● The task: Set the entries down again exactly; none may be skipped.

(Dataset excerpts)
-----

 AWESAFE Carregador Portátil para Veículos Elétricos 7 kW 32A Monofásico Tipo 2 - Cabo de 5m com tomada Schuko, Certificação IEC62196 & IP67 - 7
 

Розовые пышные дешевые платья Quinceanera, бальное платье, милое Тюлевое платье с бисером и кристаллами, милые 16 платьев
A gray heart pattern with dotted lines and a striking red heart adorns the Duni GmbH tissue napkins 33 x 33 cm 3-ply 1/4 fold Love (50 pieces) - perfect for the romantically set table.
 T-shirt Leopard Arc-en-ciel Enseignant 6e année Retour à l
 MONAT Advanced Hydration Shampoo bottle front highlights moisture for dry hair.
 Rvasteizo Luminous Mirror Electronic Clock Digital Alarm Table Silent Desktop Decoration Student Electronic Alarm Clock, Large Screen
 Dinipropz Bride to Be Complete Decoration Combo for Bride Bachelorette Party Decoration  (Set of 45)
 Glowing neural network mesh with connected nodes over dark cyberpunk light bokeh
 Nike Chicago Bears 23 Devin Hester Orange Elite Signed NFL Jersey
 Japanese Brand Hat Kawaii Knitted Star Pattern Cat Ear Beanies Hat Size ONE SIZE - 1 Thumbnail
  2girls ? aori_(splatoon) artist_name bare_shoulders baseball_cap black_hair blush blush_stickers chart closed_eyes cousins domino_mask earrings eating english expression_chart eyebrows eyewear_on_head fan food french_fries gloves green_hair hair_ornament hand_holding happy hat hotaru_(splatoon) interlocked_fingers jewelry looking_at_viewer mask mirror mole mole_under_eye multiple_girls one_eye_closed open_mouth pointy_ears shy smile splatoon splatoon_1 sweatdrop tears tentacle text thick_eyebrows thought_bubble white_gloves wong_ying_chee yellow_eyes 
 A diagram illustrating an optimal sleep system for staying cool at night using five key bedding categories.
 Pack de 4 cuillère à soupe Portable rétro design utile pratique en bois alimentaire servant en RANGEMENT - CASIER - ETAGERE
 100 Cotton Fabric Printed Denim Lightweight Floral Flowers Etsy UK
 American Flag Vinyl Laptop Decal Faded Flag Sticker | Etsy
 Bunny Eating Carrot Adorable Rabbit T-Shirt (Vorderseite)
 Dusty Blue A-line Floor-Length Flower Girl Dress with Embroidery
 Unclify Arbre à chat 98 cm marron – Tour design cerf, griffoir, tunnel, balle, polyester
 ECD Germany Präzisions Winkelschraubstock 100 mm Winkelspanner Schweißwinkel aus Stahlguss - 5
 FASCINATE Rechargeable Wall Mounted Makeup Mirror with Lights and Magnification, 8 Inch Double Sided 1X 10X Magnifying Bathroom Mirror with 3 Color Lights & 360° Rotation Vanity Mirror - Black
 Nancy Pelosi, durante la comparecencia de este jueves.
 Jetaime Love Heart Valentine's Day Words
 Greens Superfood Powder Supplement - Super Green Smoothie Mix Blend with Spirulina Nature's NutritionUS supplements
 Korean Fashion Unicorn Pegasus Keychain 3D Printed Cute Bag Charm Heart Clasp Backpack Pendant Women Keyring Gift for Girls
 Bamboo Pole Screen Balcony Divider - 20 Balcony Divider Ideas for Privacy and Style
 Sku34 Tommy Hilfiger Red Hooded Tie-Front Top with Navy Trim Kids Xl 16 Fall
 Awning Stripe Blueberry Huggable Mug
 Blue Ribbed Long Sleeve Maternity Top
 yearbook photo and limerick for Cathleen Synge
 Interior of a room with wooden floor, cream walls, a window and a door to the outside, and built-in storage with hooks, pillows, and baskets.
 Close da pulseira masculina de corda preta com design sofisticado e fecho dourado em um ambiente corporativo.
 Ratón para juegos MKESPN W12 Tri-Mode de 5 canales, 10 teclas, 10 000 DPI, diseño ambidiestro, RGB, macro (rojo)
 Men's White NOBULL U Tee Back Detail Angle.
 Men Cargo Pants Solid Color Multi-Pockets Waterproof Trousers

-----

● Solution to this exercise:
 AWESAFE Carregador Portátil para Veículos Elétricos 7 kW 32A Monofásico Tipo 2 - Cabo de 5m com tomada Schuko, Certificação IEC62196 & IP67 - 7
 

Розовые пышные дешевые платья Quinceanera, бальное платье, милое Тюлевое платье с бисером и кристаллами, милые 16 платьев
A gray heart pattern with dotted lines and a striking red heart adorns the Duni GmbH tissue napkins 33 x 33 cm 3-ply 1/4 fold Love (50 pieces) - perfect for the romantically set table.
 T-shirt Leopard Arc-en-ciel Enseignant 6e année Retour à l
 MONAT Advanced Hydration Shampoo bottle front highlights moisture for dry hair.
 Rvasteizo Luminous Mirror Electronic Clock Digital Alarm Table Silent Desktop Decoration Student Electronic Alarm Clock, Large Screen
 Dinipropz Bride to Be Complete Decoration Combo for Bride Bachelorette Party Decoration  (Set of 45)
 Glowing neural network mesh with connected nodes over dark cyberpunk light bokeh
 Nike Chicago Bears 23 Devin Hester Orange Elite Signed NFL Jersey
 Japanese Brand Hat Kawaii Knitted Star Pattern Cat Ear Beanies Hat Size ONE SIZE - 1 Thumbnail
  2girls ? aori_(splatoon) artist_name bare_shoulders baseball_cap black_hair blush blush_stickers chart closed_eyes cousins domino_mask earrings eating english expression_chart eyebrows eyewear_on_head fan food french_fries gloves green_hair hair_ornament hand_holding happy hat hotaru_(splatoon) interlocked_fingers jewelry looking_at_viewer mask mirror mole mole_under_eye multiple_girls one_eye_closed open_mouth pointy_ears shy smile splatoon splatoon_1 sweatdrop tears tentacle text thick_eyebrows thought_bubble white_gloves wong_ying_chee yellow_eyes 
 A diagram illustrating an optimal sleep system for staying cool at night using five key bedding categories.
 Pack de 4 cuillère à soupe Portable rétro design utile pratique en bois alimentaire servant en RANGEMENT - CASIER - ETAGERE
 100 Cotton Fabric Printed Denim Lightweight Floral Flowers Etsy UK
 American Flag Vinyl Laptop Decal Faded Flag Sticker | Etsy
 Bunny Eating Carrot Adorable Rabbit T-Shirt (Vorderseite)
 Dusty Blue A-line Floor-Length Flower Girl Dress with Embroidery
 Unclify Arbre à chat 98 cm marron – Tour design cerf, griffoir, tunnel, balle, polyester
 ECD Germany Präzisions Winkelschraubstock 100 mm Winkelspanner Schweißwinkel aus Stahlguss - 5
 FASCINATE Rechargeable Wall Mounted Makeup Mirror with Lights and Magnification, 8 Inch Double Sided 1X 10X Magnifying Bathroom Mirror with 3 Color Lights & 360° Rotation Vanity Mirror - Black
 Nancy Pelosi, durante la comparecencia de este jueves.
 Jetaime Love Heart Valentine's Day Words
 Greens Superfood Powder Supplement - Super Green Smoothie Mix Blend with Spirulina Nature's NutritionUS supplements
 Korean Fashion Unicorn Pegasus Keychain 3D Printed Cute Bag Charm Heart Clasp Backpack Pendant Women Keyring Gift for Girls
 Bamboo Pole Screen Balcony Divider - 20 Balcony Divider Ideas for Privacy and Style
 Sku34 Tommy Hilfiger Red Hooded Tie-Front Top with Navy Trim Kids Xl 16 Fall
 Awning Stripe Blueberry Huggable Mug
 Blue Ribbed Long Sleeve Maternity Top
 yearbook photo and limerick for Cathleen Synge
 Interior of a room with wooden floor, cream walls, a window and a door to the outside, and built-in storage with hooks, pillows, and baskets.
 Close da pulseira masculina de corda preta com design sofisticado e fecho dourado em um ambiente corporativo.
 Ratón para juegos MKESPN W12 Tri-Mode de 5 canales, 10 teclas, 10 000 DPI, diseño ambidiestro, RGB, macro (rojo)
 Men's White NOBULL U Tee Back Detail Angle.
 Men Cargo Pants Solid Color Multi-Pockets Waterproof Trousers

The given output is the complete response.